BEGIN Data shown
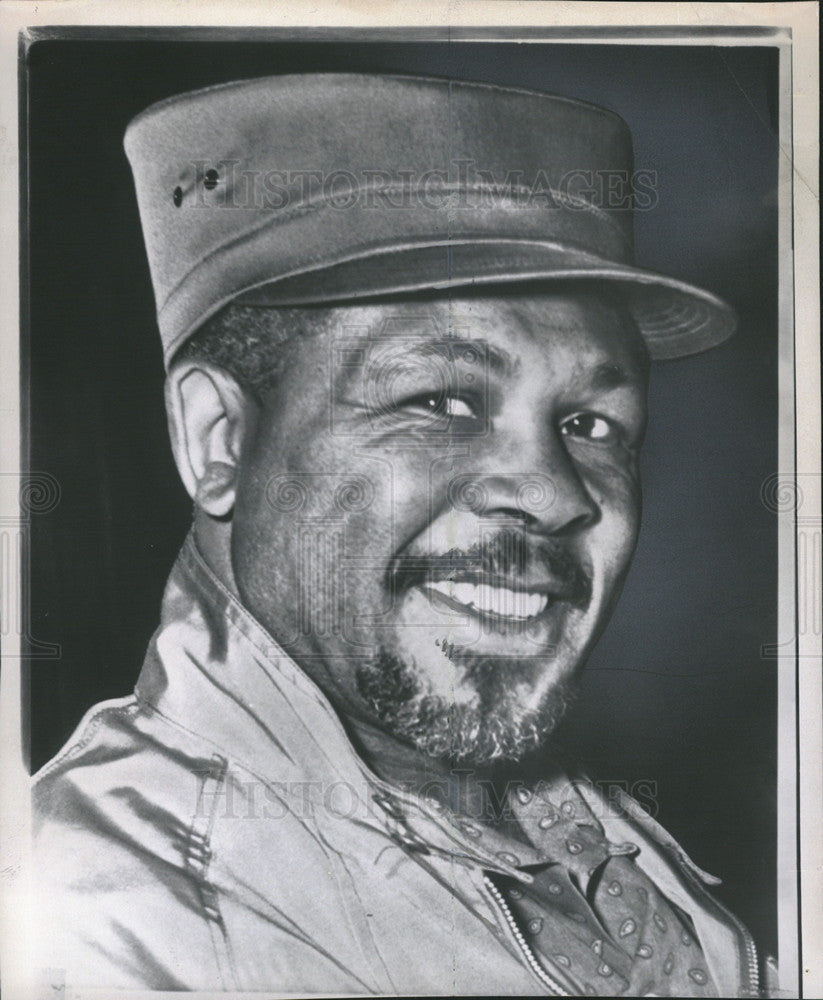 1961 Press Photo Champion Boxer Archie Moore Heavyweight Title Guilio Rinaldi - Historic Images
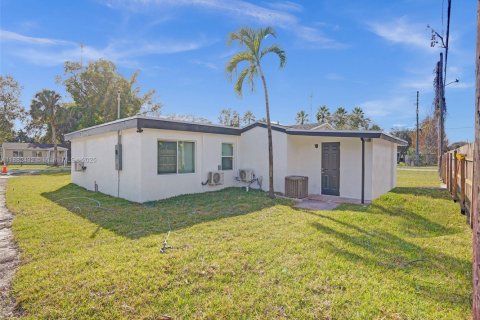 Купить виллу или дом в Мирамар, Флорида 4 спальни, 131.46м2, № 1928542 - фото 24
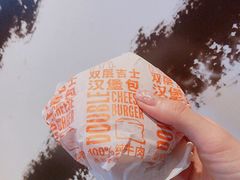双层吉士汉堡-麦当劳(东急新天地店)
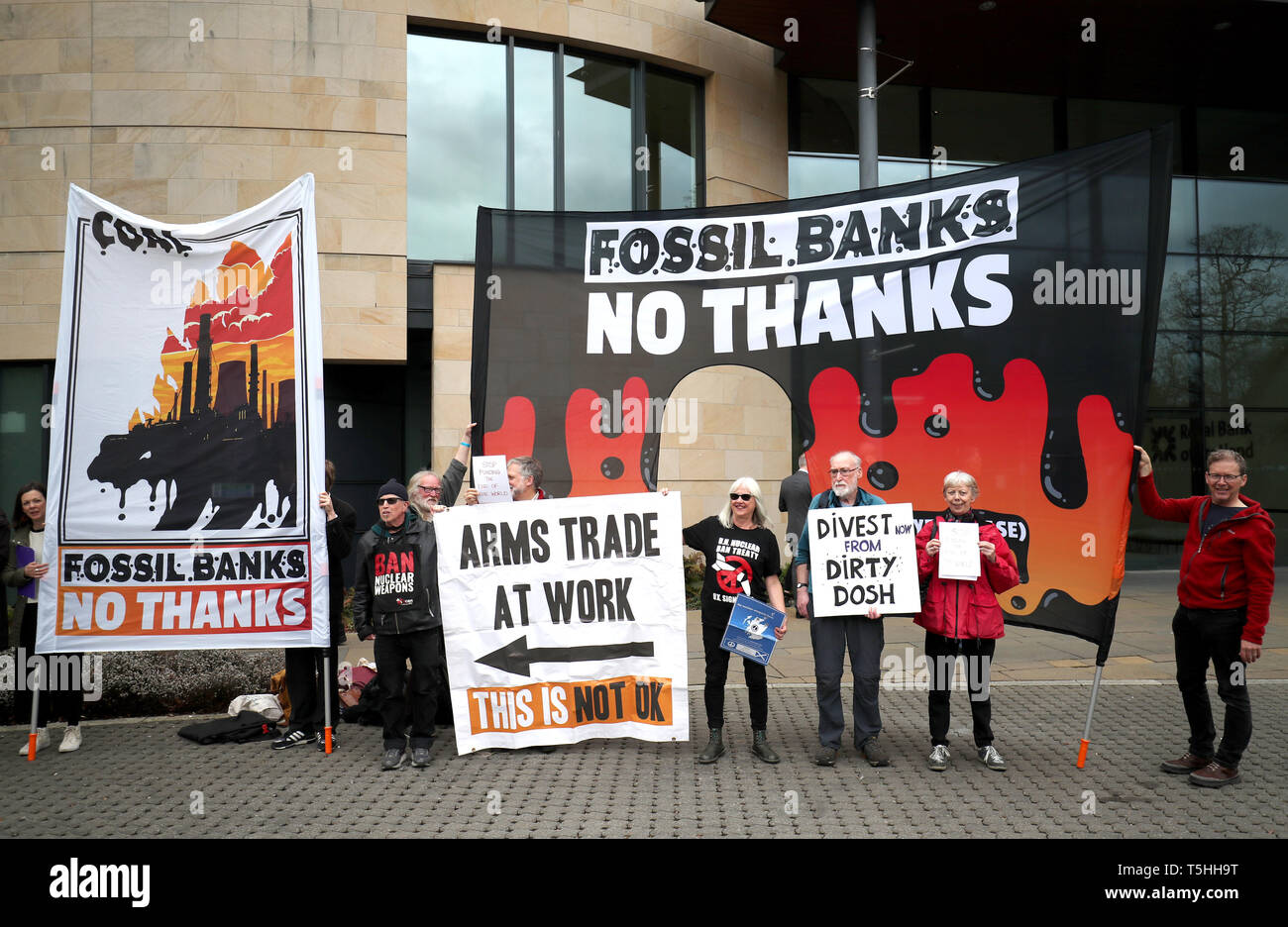 Anti-fossiler Brennstoff Demonstranten vor der die königliche Bank von Schottland Sitz in Edinburgh demonstrieren. Stockfoto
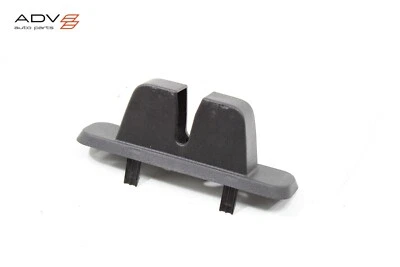 Jaguar E-Pace 2018-2023 puerta trasera puerta levadiza bloqueo pestillo cubierta moldura OEM Foto 1 de 4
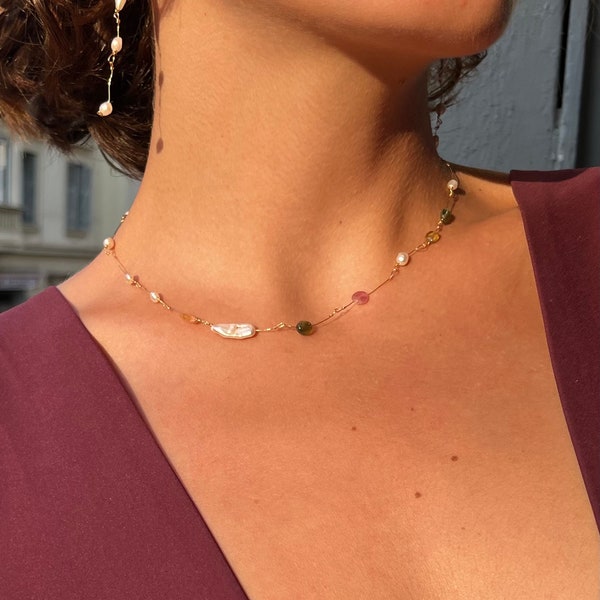 Collier délicat avec perles nacrées, tourmalines et perles de rocailles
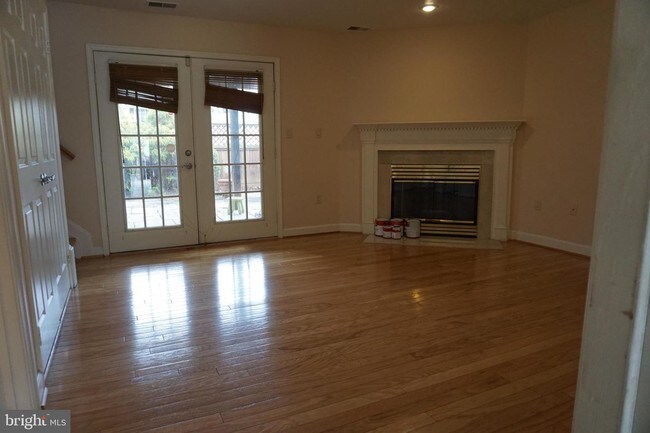 Building Photo - 9713 Whitley Park Pl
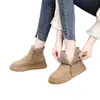 Botas de nieve versátiles de cuero para mujer, nuevo estilo de invierno 2026, forradas de felpa y engrosadas, zapatos de algodón para mujer del noreste, antideslizantes, cálidos, botines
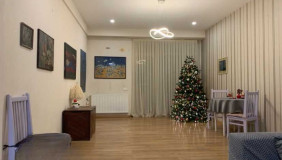 იყიდება 4 ოთახიანი  ბინა საბურთალოზე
END Data shown
#### [Exercise prompt]
Could the data above be reproduced exactly, with the pictures left out?

#### [Answer box]
 1961 Press Photo Champion Boxer Archie Moore Heavyweight Title Guilio Rinaldi - Historic Images
 Купить виллу или дом в Мирамар, Флорида 4 спальни, 131.46м2, № 1928542 - фото 24
双层吉士汉堡-麦当劳(东急新天地店)
 Anti-fossiler Brennstoff Demonstranten vor der die königliche Bank von Schottland Sitz in Edinburgh demonstrieren. Stockfoto
 Jaguar E-Pace 2018-2023 puerta trasera puerta levadiza bloqueo pestillo cubierta moldura OEM Foto 1 de 4
 Collier délicat avec perles nacrées, tourmalines et perles de rocailles
 Building Photo - 9713 Whitley Park Pl
 Botas de nieve versátiles de cuero para mujer, nuevo estilo de invierno 2026, forradas de felpa y engrosadas, zapatos de algodón para mujer del noreste, antideslizantes, cálidos, botines
 იყიდება 4 ოთახიანი  ბინა საბურთალოზე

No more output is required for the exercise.